Given these patterns, I have experimented with the following means of ordering features in difficulty:

1. Slope of the line of best fit: a positive slope of the line of best fit indicates that learners make more use of the feature as they progress in proficiency. One interpretation of this increase is that the difficulty in using the structure is overcome with greater proficiency. In some cases, the difficulty may not be in regards to producing the structure, but in regards to knowing when it is appropriate. Stronger slopes indicate larger differences between lower levels and higher levels, which could be taken to mean that the feature is more difficult to acquire. Features which have a negatively sloped line of best fit, such as the present-progressive above, indicate the learner acquires the feature early, and thus that the feature has low difficulty.

2. X-intercept of the line of best fit: the more difficult a structure, the later in proficiency that it will be acquired. For difficult structures, we would thus expect few or no A1 or A2 hits. The X-intercept for the line of tendency would thus be greater (indicating the point early adopters start using the structure).

4. Results : ordering lexical-grammatical features in terms of difficulty

To get some idea as to how the difficulty orderings of features relate to our intuitions, I will concentrate on the ordering of tense-aspect features. Table 1 shows the tense-aspect features ordered in terms of increasing slope of the line of best fit. Negative slow figures indicate the usage falls with rising proficiency. Positive slope values indicate rising usage with proficiency.

Table 1. Tense-Aspect features ordered in terms of slope of line of best fit

Tense-Aspect Feature Slope X-Intercept

simple-present -0.00209 394

present-progressive -0.00022 142

simple-future -0.00014 266

present-progressive-perfect 0.00000 -3583

past-progressive 0.00000 -308

future-progressive 0.00000 -9

modal-progressive 0.00001 -118

past-perfect 0.00003 -7

modal-perfect 0.00003 20

present-perfect 0.00022 -80

simple-modal 0.00023 -191

simple-past 0.00063 -16

The ordering starts off well, suggesting Spanish learners of English start off with simple-present and present-progressive as the first-acquired tenses, with simple-future soon after. The present-progressive-perfect comes next (e.g., 'has been stated'), which perhaps seems more advanced than some tenses after. I note here that only 78 out of 98,000 clauses had this feature, and most of them occurred in the central proficiency levels, which make the exact slope of the line somewhat doubtful, and perhaps this feature should be dropped from this list.

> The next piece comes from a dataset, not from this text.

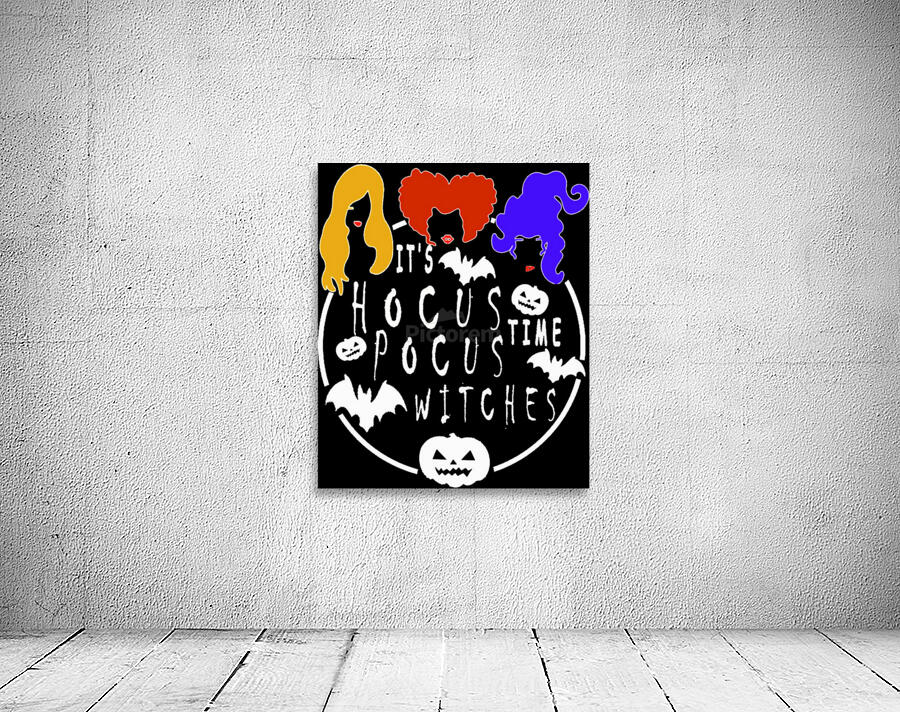 Hocus pocus 43 Wall Preview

These initial features are followed by three progressive forms (past-progressive, future-progressive and modalprogressive), and then three perfect forms (past-perfect, modal-perfect and present-perfect), which is not outside of the expected. Note however that the x-intercept for modal-perfect is 20, which suggests fairly late onset of use, countering the positive slope value.

Simple-mo^l ('should state', 'would like' etc.) is the second last tense in the list. In this case, the slope value is deceptive: while there is a fairly steep increase in usage in simple-modal between A1 level to C2 level (from 8% to 11.7%), the mitigating factor is that even A1 learners are using a lot of this feature. Examination of the x-intercept value would have shown this, given an intercept of -191.

The last item in the list is simple-past. This is not a difficult tense to master in English, but it seems that more advanced essay are using past-tense to report past events, e.g., 'In 1990 Spain settled the obligatory education up to 16 years.". Again, the initially relatively high rate of usage of simple-past (3.84% at A1) indicate that mitigating slope with knowledge of X-intercept might improve the ordering. In this case, there is learning going on as the learner progresses in proficiency, but it is not learning how to produce the structure, but rather, learning how to provide evidence for an argument, which in part results in more simple-past tense. We thus see that any results need to be interpreted, not taken at face value.

Further work will experiment with deriving an order based on a formulaic combination of slope and x-intercept.

The same process can be applied to the other grammatical features recognized by the parser (and any additional features we add in the future). Features that are indicated as easily acquired include: declarative-clause, finite-clause, active-clause, no-do-insert and negative-clause, while those indicated as difficult include nonfinite-clauses and passives.

We have applied the same approach to our error-tagged corpus, and the results for lexical-errors were particularly interesting, with all transfer-induced errors (coinage, false-friends, transferred-spelling) indicated as being stronger in beginning learners, with non-transfer errors more common in the higher level learners.

5. Towards a corpus-informed grammatical curriculum

Given a list of grammatical concepts sequenced by difficulty, we can divide this list into equal-size subsets to be taught in each course within the sequence of courses in the degree. For instance, assuming we teach our degree in terms of five semesters of classes, we might split the content into 5 distinct chunks, as shown in Figure 4.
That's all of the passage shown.